Inspired by one of Kyle Webster’s demo videos, I made a sheet of 16 copies of a character I draw a lot. (She has a name and a certain personality, but that’s a story for another day.) Duplicating is easy enough to do on Photoshop. I drew a sketch in digital pencil, copied and duplicated it, copied the two of them and duplicated, and so on until I had a full page. Then I created a mask for each figure in the same way, so I didn’t have to waste too much time cleaning up edges.
Then I got to work applying color. I wasn’t perfectionistic about either the sketch or the coloring. The whole point here was to discover the properties of a few of the hundreds (!) of digital brushes now available on Photoshop CC and figure out which ones were best suited to my working style. I wanted to concentrate particularly on dry media (charcoals, pastels) and opaque paint media (gouache, oil). And I was also interested in grainy effects. In the end, some of these brushes worked quite well for my purposes, and some obviously didn’t!
These trials that worked more or less like I expected, because they allow for a fair amount of control and also I am used to working in traditional oils.
Here are some of the things I was thinking about brushes while I worked:
- How tilt sensitive is each brush?
- Which brushes can handle the whole job and which will have to be supplemented with other brushes? (It turns out that some of the more porous ones really need to be used with another brush or a fill layer to render all the details legible.)
- At what size does each brush make the nicest stroke?
- With each brush, is it better to use different values of paint to put in highlights and shadows, or is it more effective to just vary the density and let the white of the “paper” show through?
- Does this brush require extra layers just to keep the marks from getting muddy too fast? (The mixer brushes, such as oils, usually do require extra layers that can then be merged.)
- The non-“mixer” brushes allow you to change the brush mode (upper left of the screen) to clear, which makes a sort of eraser with the same texture.
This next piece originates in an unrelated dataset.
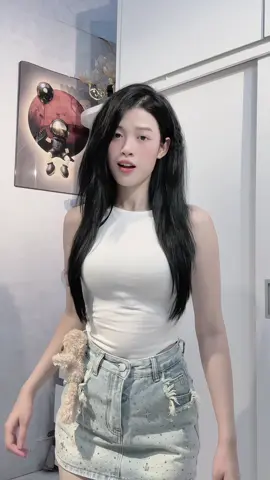 Đêm nay lại mất ngụ Roàiiiii 🙂‍↕️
Which brushes have the most workable “clear mode” erasers? (Remember to change the mode back to normal before continuing!)
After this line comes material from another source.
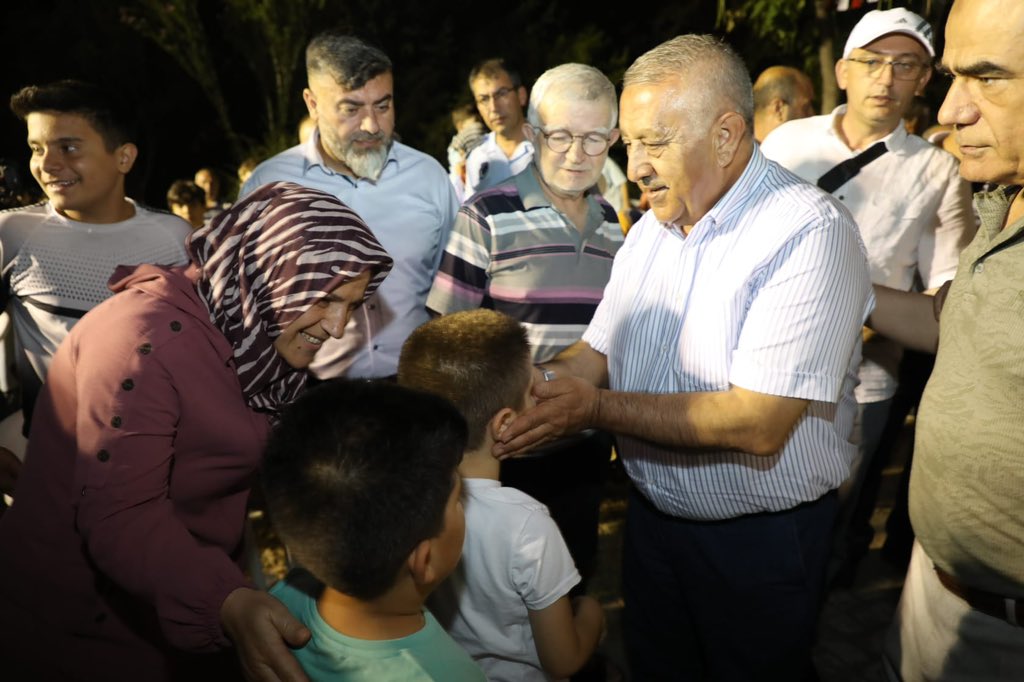 Afyonkarahisar Belediye Başkanı Mehmet Zeybek’in gelenekselleşen ‘Mahalle Buluşmaları’ programı sürüyor.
- How can I use the brush stroke and either a “hard” or “soft” eraser to control lost and found edges?
- How do the brushes affect color intensity? (More than you’d think!)
- How might changing my tablet/pen sensitivity affect the marks? (I suspect I have a light touch, but it varies with the brush.)
Some trials that were somewhat pleasantly surprising even if I didn’t develop them as far as the others.
A side benefit of all this practice was that drawing my character over and over helped me think more about how she should look, even if I didn’t take her to full finish. Some things I was thinking about while I worked:
- Which subtle variations of features, and which brushes, are best suited to the character?
- How much modeling is even needed?
- How spontaneous can I be?
In search of grainy effects. Some of them I was pleased enough with that I might use them again some time. Others definitely not, but at least I found out!
This is definitely (Photo)shop talk But it does have a more organic significance. About 99% of drawing, and probably any other art, is being so familiar with your own processes that you feel confident in what you’re doing and thus comfortable improvising. Muscle memory plays a big part, of course, and for that, you just have to draw a lot. But there are plenty of other skills you can develop, from creative imagination to visual awareness to intellectual knowledge and theory to simply knowing your tools. All of them (in some form) are important to anyone who wants to be good at what they do.
Also, it helps me to see my own drawings published on my blog, because I see things more objectively that way. It’s like giving myself a mini-critique.
Which versions do you like best, or not? And why? If you don’t know why, feel free to state your opinion anyway. Sometimes intuition has some pretty good reasons of its own!